I saw a phrase on your website, “faux fantasy finishes” – is this fantasy we’re talking about?
I don’t think that’s incorrect. I call it “the art of the painted finish” rather than faux fantasy this that and the other. It is an art.
How has the studio evolved and changed?
I would say there was a very big traumatic change when Isabel died [in 1981] but there was group of quite wealthy and artistic people who really believed in what she did. They decided that come hell or high water, they were going to support a studio that was going to survive. The studio was much bigger then than it is now. But at that time, there was a great love of decorative finishes. We had people lining up around the block wanting to learn the art of the painted finish.
I know there was this flowering of decorative finishes in the 80s – is it coming back … um but now I’ve asked that, I don’t have any real belief that it is coming back!
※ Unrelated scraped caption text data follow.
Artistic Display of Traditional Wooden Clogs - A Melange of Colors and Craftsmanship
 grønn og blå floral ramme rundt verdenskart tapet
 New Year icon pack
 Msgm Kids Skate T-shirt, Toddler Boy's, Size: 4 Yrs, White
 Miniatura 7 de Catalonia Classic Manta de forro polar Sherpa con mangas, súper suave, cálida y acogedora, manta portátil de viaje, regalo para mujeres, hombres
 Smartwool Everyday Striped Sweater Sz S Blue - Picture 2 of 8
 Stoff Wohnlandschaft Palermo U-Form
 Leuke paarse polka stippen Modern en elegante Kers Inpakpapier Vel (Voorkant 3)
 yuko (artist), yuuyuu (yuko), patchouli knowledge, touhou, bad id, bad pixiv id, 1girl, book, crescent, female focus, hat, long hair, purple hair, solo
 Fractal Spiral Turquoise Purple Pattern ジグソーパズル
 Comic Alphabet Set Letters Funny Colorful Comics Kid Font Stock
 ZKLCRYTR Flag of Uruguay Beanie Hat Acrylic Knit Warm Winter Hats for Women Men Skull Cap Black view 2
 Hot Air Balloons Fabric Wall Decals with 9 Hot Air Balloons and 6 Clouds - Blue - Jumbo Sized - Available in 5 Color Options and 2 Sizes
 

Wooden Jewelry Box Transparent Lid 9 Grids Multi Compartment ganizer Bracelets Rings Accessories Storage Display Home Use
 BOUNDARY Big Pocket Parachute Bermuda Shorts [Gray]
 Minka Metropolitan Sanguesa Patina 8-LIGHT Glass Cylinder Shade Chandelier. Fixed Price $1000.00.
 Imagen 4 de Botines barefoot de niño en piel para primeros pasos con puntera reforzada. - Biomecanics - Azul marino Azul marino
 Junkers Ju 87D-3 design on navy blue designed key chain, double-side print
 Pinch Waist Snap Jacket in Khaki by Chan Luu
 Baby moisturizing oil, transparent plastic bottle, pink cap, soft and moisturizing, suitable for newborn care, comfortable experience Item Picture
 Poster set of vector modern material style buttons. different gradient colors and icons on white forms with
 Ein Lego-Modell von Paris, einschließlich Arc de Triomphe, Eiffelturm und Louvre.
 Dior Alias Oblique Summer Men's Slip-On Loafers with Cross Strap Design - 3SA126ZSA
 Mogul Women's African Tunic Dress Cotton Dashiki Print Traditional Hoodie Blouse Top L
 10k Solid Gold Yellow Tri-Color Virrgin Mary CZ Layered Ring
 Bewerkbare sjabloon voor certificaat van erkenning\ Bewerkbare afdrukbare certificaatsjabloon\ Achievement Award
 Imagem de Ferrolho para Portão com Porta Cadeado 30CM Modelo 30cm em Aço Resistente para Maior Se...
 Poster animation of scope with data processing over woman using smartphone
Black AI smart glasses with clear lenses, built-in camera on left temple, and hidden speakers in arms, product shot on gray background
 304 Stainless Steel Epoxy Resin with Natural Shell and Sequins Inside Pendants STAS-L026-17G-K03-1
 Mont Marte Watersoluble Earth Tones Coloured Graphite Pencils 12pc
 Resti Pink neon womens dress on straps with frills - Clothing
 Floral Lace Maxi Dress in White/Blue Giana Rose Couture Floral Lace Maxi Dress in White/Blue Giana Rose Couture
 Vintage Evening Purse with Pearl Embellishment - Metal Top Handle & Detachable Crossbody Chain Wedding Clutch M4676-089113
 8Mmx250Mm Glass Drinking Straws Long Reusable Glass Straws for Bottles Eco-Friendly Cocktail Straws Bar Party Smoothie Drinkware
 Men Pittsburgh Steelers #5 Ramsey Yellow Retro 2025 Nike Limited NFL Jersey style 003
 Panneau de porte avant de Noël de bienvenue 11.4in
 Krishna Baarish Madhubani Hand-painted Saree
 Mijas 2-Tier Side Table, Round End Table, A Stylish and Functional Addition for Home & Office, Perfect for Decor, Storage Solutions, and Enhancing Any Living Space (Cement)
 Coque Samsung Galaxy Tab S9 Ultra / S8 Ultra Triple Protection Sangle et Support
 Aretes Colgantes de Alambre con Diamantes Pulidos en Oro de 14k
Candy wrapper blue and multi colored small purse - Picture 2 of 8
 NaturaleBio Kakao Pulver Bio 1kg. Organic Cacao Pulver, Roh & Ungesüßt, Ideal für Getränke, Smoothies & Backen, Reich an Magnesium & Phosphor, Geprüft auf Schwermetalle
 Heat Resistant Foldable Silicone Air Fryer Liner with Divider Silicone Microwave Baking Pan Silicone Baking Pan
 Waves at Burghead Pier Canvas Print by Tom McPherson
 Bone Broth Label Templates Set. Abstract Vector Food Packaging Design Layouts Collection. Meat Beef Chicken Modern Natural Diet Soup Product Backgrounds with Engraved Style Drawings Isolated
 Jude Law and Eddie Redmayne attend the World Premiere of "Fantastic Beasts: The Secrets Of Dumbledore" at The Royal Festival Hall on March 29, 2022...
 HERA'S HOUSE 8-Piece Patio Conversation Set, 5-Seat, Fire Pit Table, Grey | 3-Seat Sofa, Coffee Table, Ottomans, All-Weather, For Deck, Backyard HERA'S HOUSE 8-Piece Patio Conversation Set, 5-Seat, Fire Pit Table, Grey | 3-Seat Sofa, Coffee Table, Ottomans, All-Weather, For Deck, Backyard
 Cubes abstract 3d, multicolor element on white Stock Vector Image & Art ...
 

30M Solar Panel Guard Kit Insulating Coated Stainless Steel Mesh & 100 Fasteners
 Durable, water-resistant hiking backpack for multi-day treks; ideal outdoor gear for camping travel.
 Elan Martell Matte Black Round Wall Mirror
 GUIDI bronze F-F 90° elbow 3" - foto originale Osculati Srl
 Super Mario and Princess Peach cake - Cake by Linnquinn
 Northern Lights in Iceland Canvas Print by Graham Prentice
What I see is a tremendous simplifying. Not that there is decorative stuff but everything now is clean. It’s steel or greys or whites. All the furniture is exquisitely sleek. This [decorative finishes] style doesn’t quite fit in, as you can tell from my apartment. And by the way, I don’t mind the sleek contemporary style. There’s value in both.
I think I found something that Isabel O’Neil said, and it was along the lines of saying “I made this” is the same as saying “I am”. I felt that was an important insight.
Totally. I really do identify with my furniture and I teach that way too.
What’s the atmosphere like in the studio? Are people absorbed and quiet or do they all chat?
Chatting … and there are some people who take it very seriously. I will say that there are people who come in, especially the night people, who say, “I feel so relaxed. The whole pressure of life is killing me at this moment [but] I walk into this studio and it just goes away.”